Io ho visto ieri il trailer di cyberpunk e niente due minuti dopo ero già su amazon.


----------



## Giangy (21 Novembre 2020)

Dicono sia un gran bel gioco, il nuovo Watch Dogs Legion, simile a GTA V, ma non proprio identico... è ambientato a Londra, ho visto alcuni video in rete, e sembra davvero ben fatto come gioco. Appena mi è possibile lo compro, magari per natale. Però non so se piace come genere.


----------



## Tobi (15 Dicembre 2020)

Ho comprato per PS4 Until Dawn e The Witcher 3 GOTY. 
Ho iniziato ieri il primo gioco, è un Horror, al momento sembra veramente un bel gioco, vediamo come si evolve la storia. In base alle scelte fatte, cambiano gli scenari. Non so se qualcuno di voi ci ha mai giocato e possa dare un feedback,

Per quanto riguarda The Witcher 3 invece, opinioni?


----------



## Toby rosso nero (15 Dicembre 2020)

Tobi ha scritto:


> Ho comprato per PS4 Until Dawn e The Witcher 3 GOTY.
> Ho iniziato ieri il primo gioco, è un Horror, al momento sembra veramente un bel gioco, vediamo come si evolve la storia. In base alle scelte fatte, cambiano gli scenari. Non so se qualcuno di voi ci ha mai giocato e possa dare un feedback,
> 
> Per quanto riguarda The Witcher 3 invece, opinioni?

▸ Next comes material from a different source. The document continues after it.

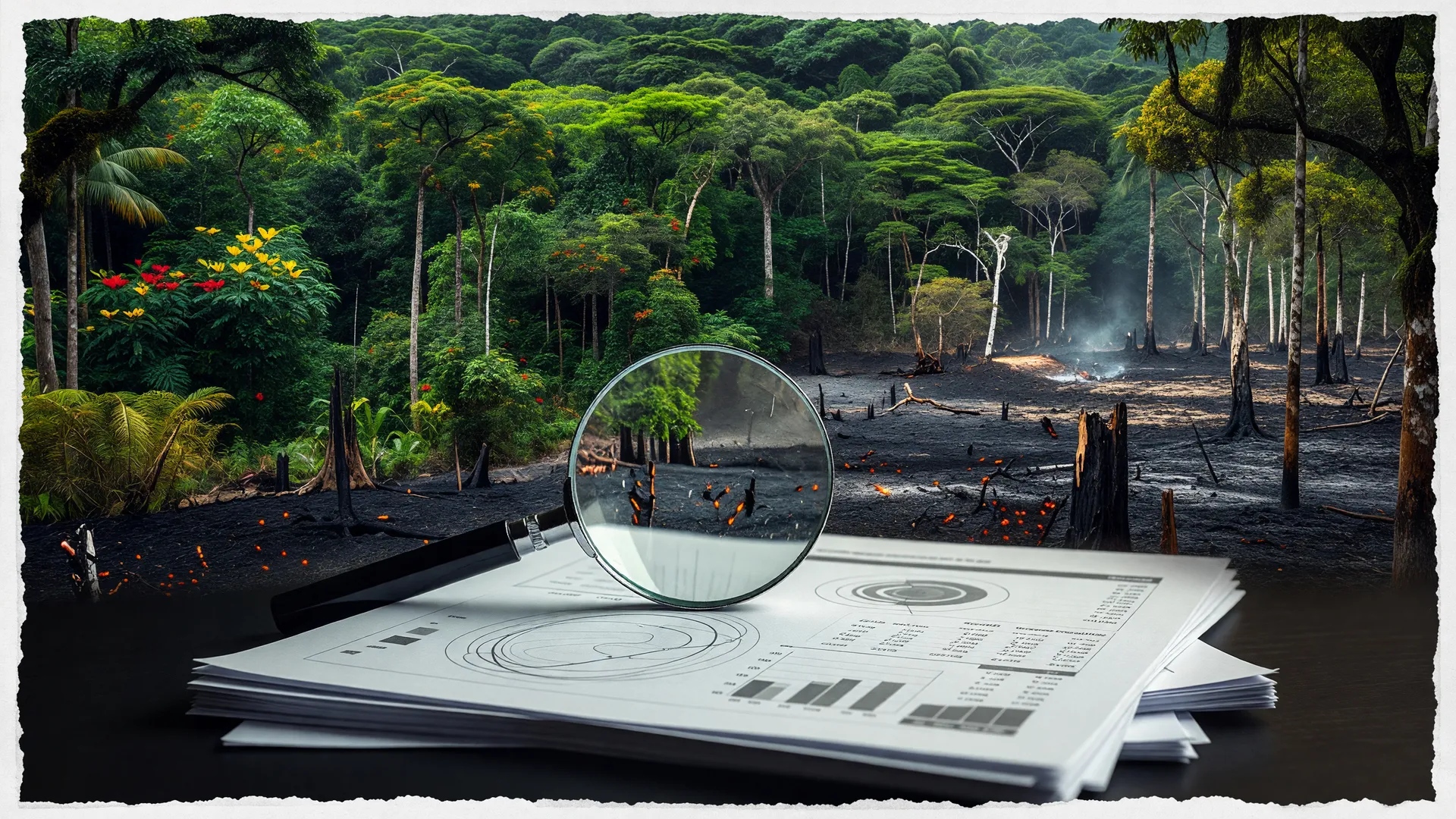 Floresta amazônica com trecho desmatado e lupa sobre documentos, simbolizando Flávio Bolsonaro meio ambiente checagem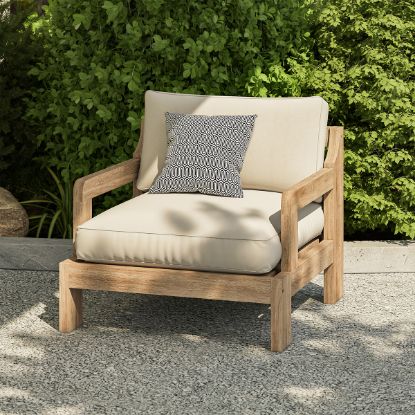 Plumpton Rustic Teak Wood Outdoor 2 Seater Sofa.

Until Dawn è uno dei miei giochi preferiti, è uno di quelli con "jump scares" genuini messi al posto giusto e con una bella storia, bei personaggi.
Me ne ero talmente innamorato che poi ho preso tutti i giochi dei Supermassive(gli sviluppatori), ora stanno realizzando l'antologia Dark Pictures.

Non aspettarti però scenari diversi o grossi bivi, le scelte portano solo a modifiche minime, a parte una manciata.
Il succo del gioco è cercare di fare sopravvivere tutti i personaggi. Perché le tue azioni o le tue scelte possono eliminarli in ogni momento, anche imprevisto.

Su Witcher 3 ci sarebbe da riempire almeno tre topic, parliamo di una pietra miliare... ti consiglio di fare una ricerca sul forum perché sicuramente se ne è parlato già tanto in passato


----------



## Lineker10 (15 Dicembre 2020)

Milanforever26 ha scritto:


> Succede quando un titolo perde appeal tra il pubblico..per contro giochi come FIFA o COD anche se partoriscono una schifezza va a ruba..



FIFA 20 è orrendo. Pessimo. Giocarlo offline da quando hanno trasformato il livello Ultimate nel calcio Shaolin è da chiedere indietro i soldi. Il punto è che non hanno concorrenza. Dopo tanti anni PES hanno sviluppato un titolo decente, puntando proprio sul livello ridicolo dell'esperienza offline di FIFA, ma ancora siamo lontani soprattutto per il limite delle licenze.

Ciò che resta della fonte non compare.